REQUIRED WORK -> Each record that follows must be reproduced exactly.

WORKING DATA ->
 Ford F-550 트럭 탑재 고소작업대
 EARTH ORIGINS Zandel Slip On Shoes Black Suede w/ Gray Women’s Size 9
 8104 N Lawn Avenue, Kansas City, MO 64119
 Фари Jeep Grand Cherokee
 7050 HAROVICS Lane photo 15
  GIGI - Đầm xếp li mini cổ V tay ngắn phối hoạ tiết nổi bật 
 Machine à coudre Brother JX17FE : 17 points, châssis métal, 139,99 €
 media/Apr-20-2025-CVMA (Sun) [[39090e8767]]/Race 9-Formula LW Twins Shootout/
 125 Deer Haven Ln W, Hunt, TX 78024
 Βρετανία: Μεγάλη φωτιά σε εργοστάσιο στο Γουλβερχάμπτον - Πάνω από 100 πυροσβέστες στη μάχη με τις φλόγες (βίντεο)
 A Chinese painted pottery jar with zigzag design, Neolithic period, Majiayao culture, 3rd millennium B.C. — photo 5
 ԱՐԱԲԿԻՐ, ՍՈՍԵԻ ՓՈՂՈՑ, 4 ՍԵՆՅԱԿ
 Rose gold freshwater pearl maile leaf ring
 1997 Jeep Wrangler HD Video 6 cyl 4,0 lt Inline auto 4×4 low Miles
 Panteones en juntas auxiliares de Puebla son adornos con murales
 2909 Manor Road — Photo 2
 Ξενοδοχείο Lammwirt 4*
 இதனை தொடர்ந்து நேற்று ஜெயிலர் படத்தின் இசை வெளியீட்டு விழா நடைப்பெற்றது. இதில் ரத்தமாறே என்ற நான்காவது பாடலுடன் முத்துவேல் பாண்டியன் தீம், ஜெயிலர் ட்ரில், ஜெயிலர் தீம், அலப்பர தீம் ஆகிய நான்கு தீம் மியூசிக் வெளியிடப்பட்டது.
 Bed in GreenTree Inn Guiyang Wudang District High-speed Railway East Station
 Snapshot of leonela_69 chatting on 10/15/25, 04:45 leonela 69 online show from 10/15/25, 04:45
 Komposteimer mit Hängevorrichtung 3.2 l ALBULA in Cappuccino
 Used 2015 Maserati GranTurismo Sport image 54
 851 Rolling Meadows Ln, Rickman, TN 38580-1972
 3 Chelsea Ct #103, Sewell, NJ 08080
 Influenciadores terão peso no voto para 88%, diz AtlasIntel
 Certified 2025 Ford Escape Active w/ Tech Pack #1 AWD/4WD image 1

SOLUTION TO THE PROBLEM ->
 Ford F-550 트럭 탑재 고소작업대
 EARTH ORIGINS Zandel Slip On Shoes Black Suede w/ Gray Women’s Size 9
 8104 N Lawn Avenue, Kansas City, MO 64119
 Фари Jeep Grand Cherokee
 7050 HAROVICS Lane photo 15
  GIGI - Đầm xếp li mini cổ V tay ngắn phối hoạ tiết nổi bật 
 Machine à coudre Brother JX17FE : 17 points, châssis métal, 139,99 €
 media/Apr-20-2025-CVMA (Sun) [[39090e8767]]/Race 9-Formula LW Twins Shootout/
 125 Deer Haven Ln W, Hunt, TX 78024
 Βρετανία: Μεγάλη φωτιά σε εργοστάσιο στο Γουλβερχάμπτον - Πάνω από 100 πυροσβέστες στη μάχη με τις φλόγες (βίντεο)
 A Chinese painted pottery jar with zigzag design, Neolithic period, Majiayao culture, 3rd millennium B.C. — photo 5
 ԱՐԱԲԿԻՐ, ՍՈՍԵԻ ՓՈՂՈՑ, 4 ՍԵՆՅԱԿ
 Rose gold freshwater pearl maile leaf ring
 1997 Jeep Wrangler HD Video 6 cyl 4,0 lt Inline auto 4×4 low Miles
 Panteones en juntas auxiliares de Puebla son adornos con murales
 2909 Manor Road — Photo 2
 Ξενοδοχείο Lammwirt 4*
 இதனை தொடர்ந்து நேற்று ஜெயிலர் படத்தின் இசை வெளியீட்டு விழா நடைப்பெற்றது. இதில் ரத்தமாறே என்ற நான்காவது பாடலுடன் முத்துவேல் பாண்டியன் தீம், ஜெயிலர் ட்ரில், ஜெயிலர் தீம், அலப்பர தீம் ஆகிய நான்கு தீம் மியூசிக் வெளியிடப்பட்டது.
 Bed in GreenTree Inn Guiyang Wudang District High-speed Railway East Station
 Snapshot of leonela_69 chatting on 10/15/25, 04:45 leonela 69 online show from 10/15/25, 04:45
 Komposteimer mit Hängevorrichtung 3.2 l ALBULA in Cappuccino
 Used 2015 Maserati GranTurismo Sport image 54
 851 Rolling Meadows Ln, Rickman, TN 38580-1972
 3 Chelsea Ct #103, Sewell, NJ 08080
 Influenciadores terão peso no voto para 88%, diz AtlasIntel
 Certified 2025 Ford Escape Active w/ Tech Pack #1 AWD/4WD image 1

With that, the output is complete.